Armand Guillaumin: Sunset at Ivry

Sunset at Ivry: Armand Guillaumin

Armand Guillaumin’s Sunset at Ivry (Soleil couchant à Ivry) of 1873 grants a great deal of the canvas to light effects in the evening sky where the heat of the day, the golden light, begins to dissipate while cold blues signifying the approaching night begins to descend on the darkening scene of industrial chimneys and water.

The unfinished technique combined with an attention to atmospheric effects, such as in the wafting red-brown of the factories’ smoke against the sunlight, looks back to the work of J.M.W. Turner. Guillaumin also joys in the treatment of the water and its reflections of the trees on the right, and in the gold and turquoise of the water in the left middle distance.

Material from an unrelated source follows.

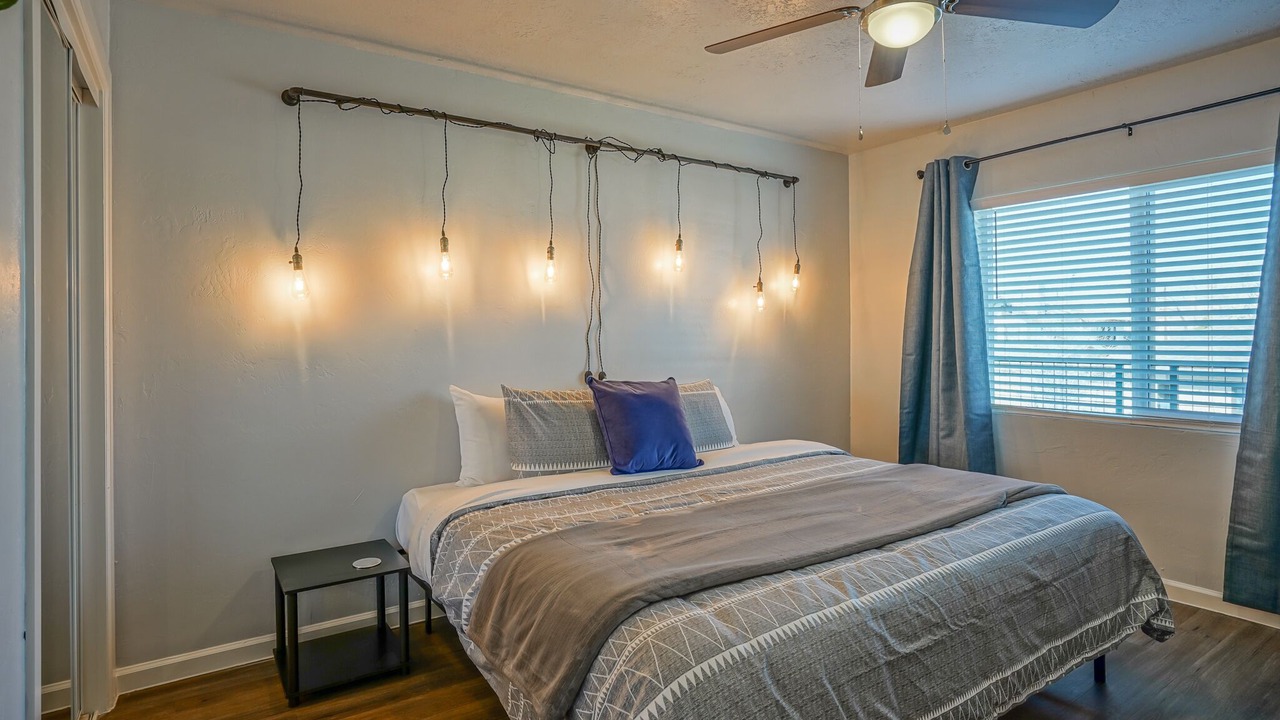 Photo of Bedroom in University Heights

There is poise in this painting between nature on the one hand and the industrial and the social on the other.

Armand Guillaumin is one of the lesser-known French Impressionists. Yet he could count among his artist friends such figures as Paul Cézanne and Camille Pissarro whom he met at the Académie Suisse where he studied from 1861.

Guillaumin exhibited early works at the Salon des Réfusés of 1863 and participated in 6 of the 8 Impressionist exhibitions from 1874. In 1886 he befriended Vincent Van Gogh whose brother Theo sold some work for him.

Armand Guillaumin’s Sunset at Ivry is in the Musée d’Orsay in Paris, France.